Your goal>
Once the line containing "2018 Volvo S90 - Image 29" is reached, copy it and every line after it exactly, to the end of the material, without pictures.

Records provided>
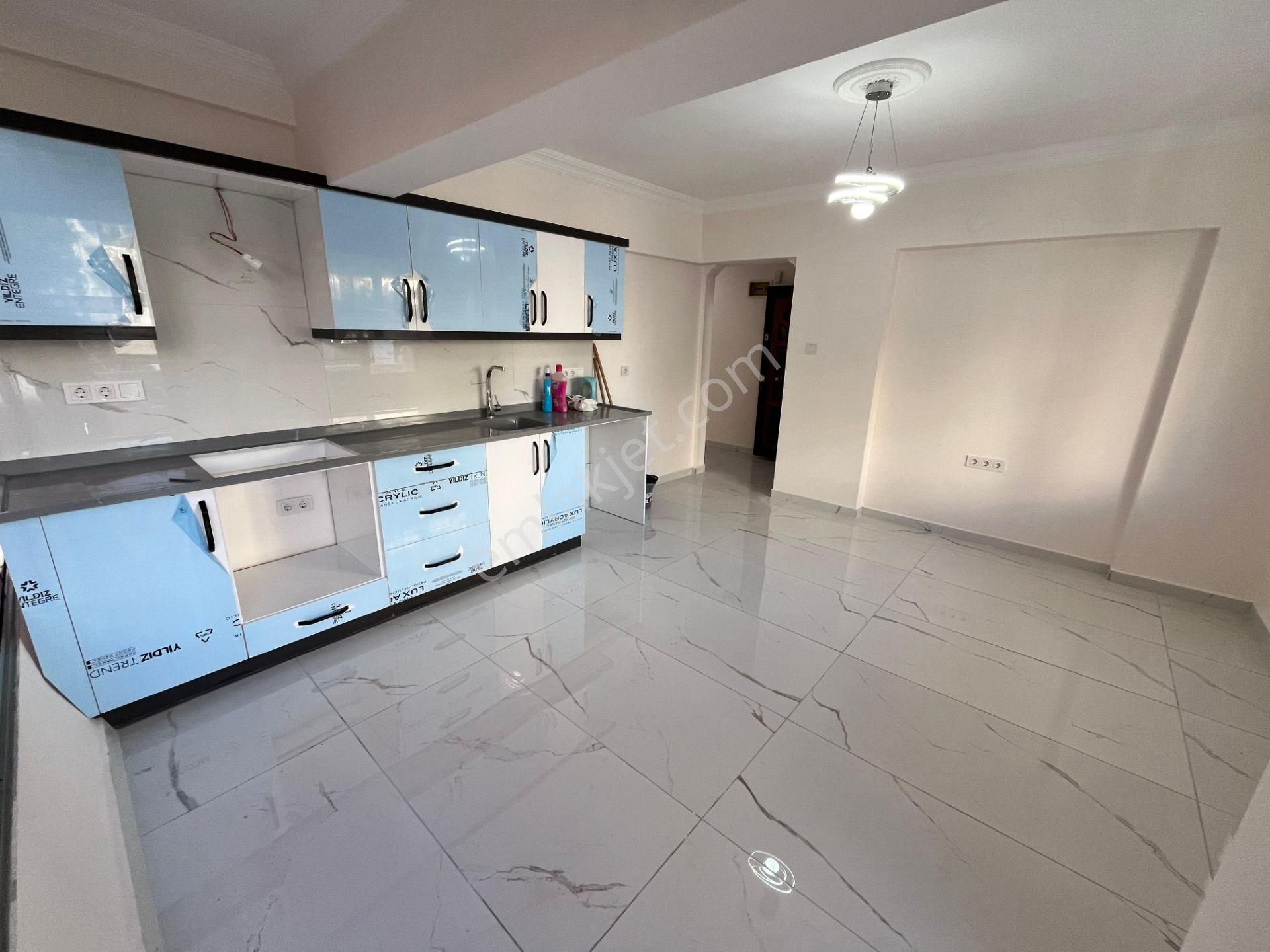 Didim Altınkum Mahallesinde Ön Cephe Satılık 2+1 Daire - Görsel 2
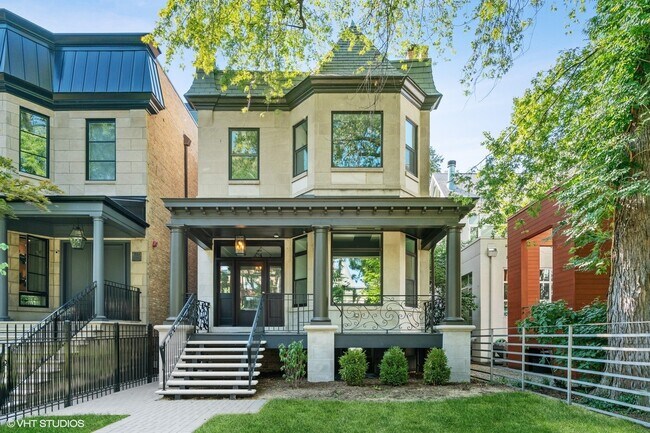 property at 4148 N Greenview Ave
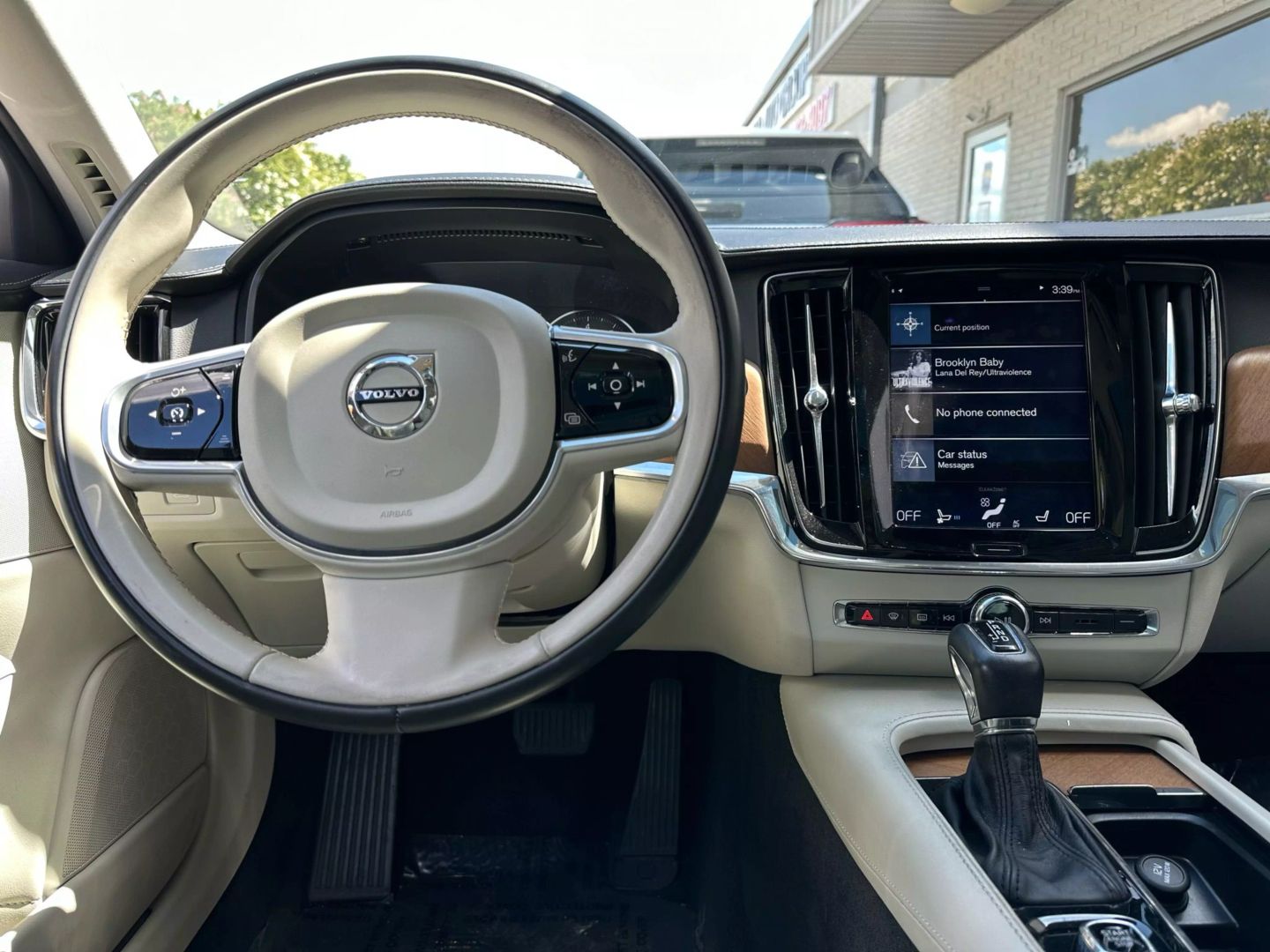 2018 Volvo S90 - Image 29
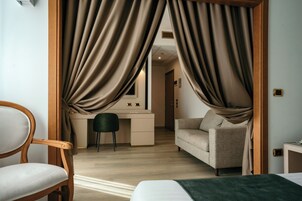 Junior Suite (Deluxe) | Minibar, in-room safe, desk, soundproofing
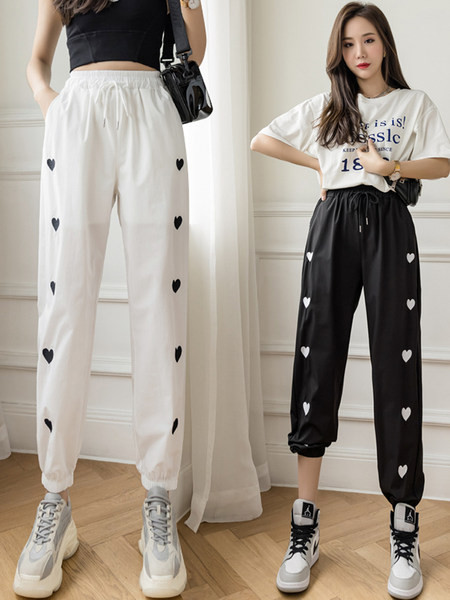 Ikdienas sieviešu sporta bikses ar izšūtām sirsniņām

Solution>
 2018 Volvo S90 - Image 29
 Junior Suite (Deluxe) | Minibar, in-room safe, desk, soundproofing
 Ikdienas sieviešu sporta bikses ar izšūtām sirsniņām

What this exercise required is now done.